In context: While Sony’s plans for backward compatibility on the PlayStation 5 are somewhat underwhelming, Microsoft has been much bolder. The company previously stated that it hopes to have every single generation of Xbox games working on its upcoming Xbox Series X and S devices — not just Xbox One titles. However, exactly how and when these games would become playable was unknown.
Fortunately, we finally have answers to some of these lingering questions, courtesy of a new tweet from Xbox Project Manager Jason Ronald. Ronald says that, after a whopping 500,000 hours of testing, his team can confirm that not only is just about every Xbox game in the world playable on the Series X and S, but they’ll also be playable on launch day.
That’s somewhat surprising — it’s not unusual for some key console features to roll out post-launch. Still, it seems the Xbox crew is committed to offering customers a compelling reason to choose the Green Team over the Blue Team this generation. While the PlayStation 5 will ship with limited backward compatibility, it pales in comparison to this.
To be clear, that’s not a dig at Sony. We can’t imagine how difficult it must have been for the Xbox team to accomplish this feat, and one could certainly argue that their resources may have been better spent elsewhere.
After 500K+ hours of testing, we’re are excited to share that all Xbox, Xbox 360 and Xbox One games playable on Xbox One today, except for the handful that require Kinect, will be available – and look and play better – on Xbox Series X|S at launch.

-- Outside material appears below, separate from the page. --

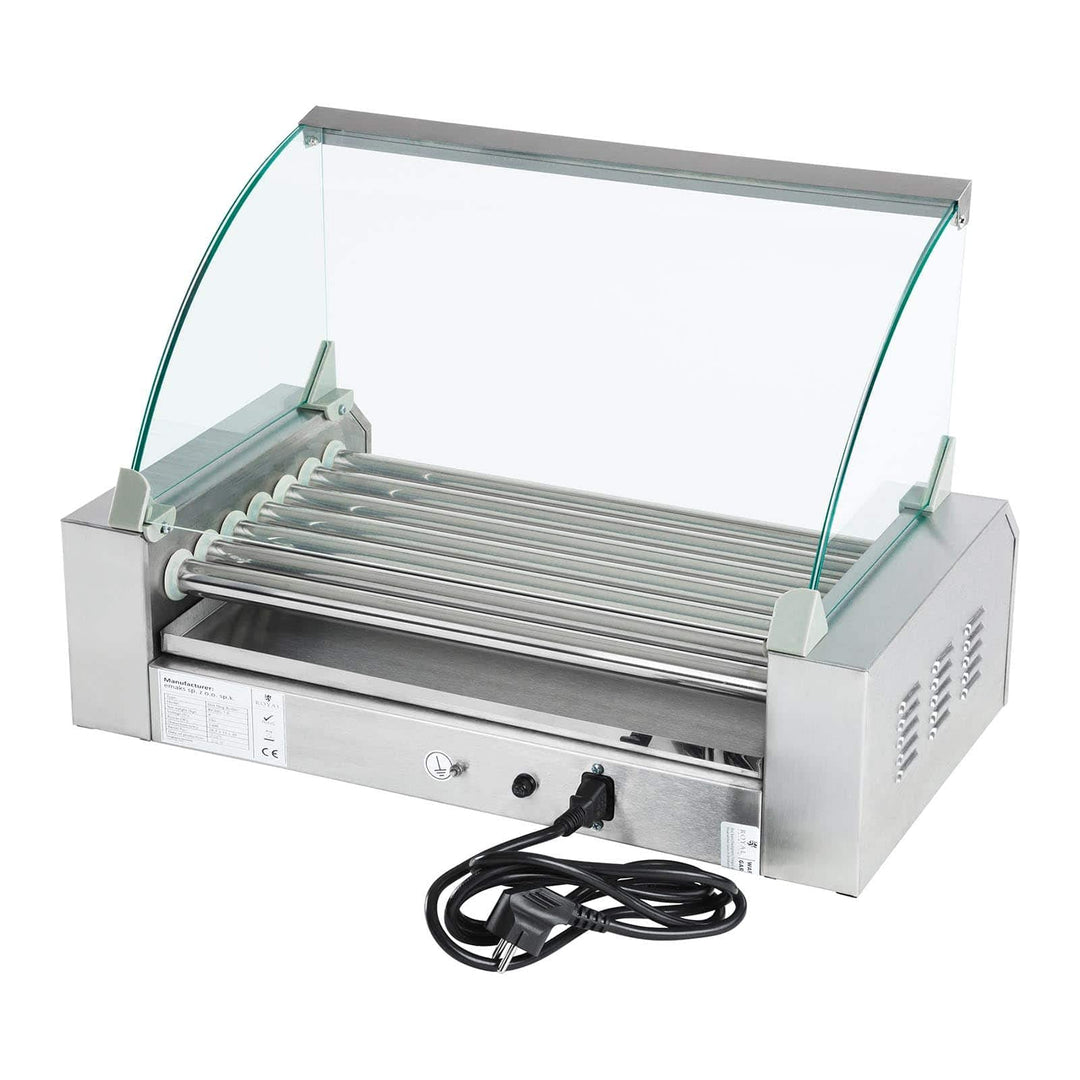 Heisswurst-Grill Profi 7 Rollen 12 Würstchen 1400W Edelstahl - Bild 5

— Jason Ronald (@jronald) October 28, 2020
Nonetheless, Microsoft needed a compelling reason for PC players, in particular, to shell out money for their upcoming console (since they’ll be getting all Series X exclusives anyway), and this might just be it.
Kinect games are the only exception here: they will not function on the Series X. That’s no surprise, though, since the accessory never really took off anyway.
Notably, Ronald claims that past-gen games will also “look and play better” on the Series X, but that’s a tough pill to swallow. Many older games have capped framerates and archaic engines, so we’re unsure how the experience could possibly be noticeably smoother on the Series X. Naturally, we’re not counting the handful of cross-gen Xbox One titles that are getting next-gen optimizations.
At any rate, this is overall good news for Microsoft fans. If you have a collection of old Xbox games lying around, consider dusting them off ahead of the Xbox Series X’s launch on November 10, 2020.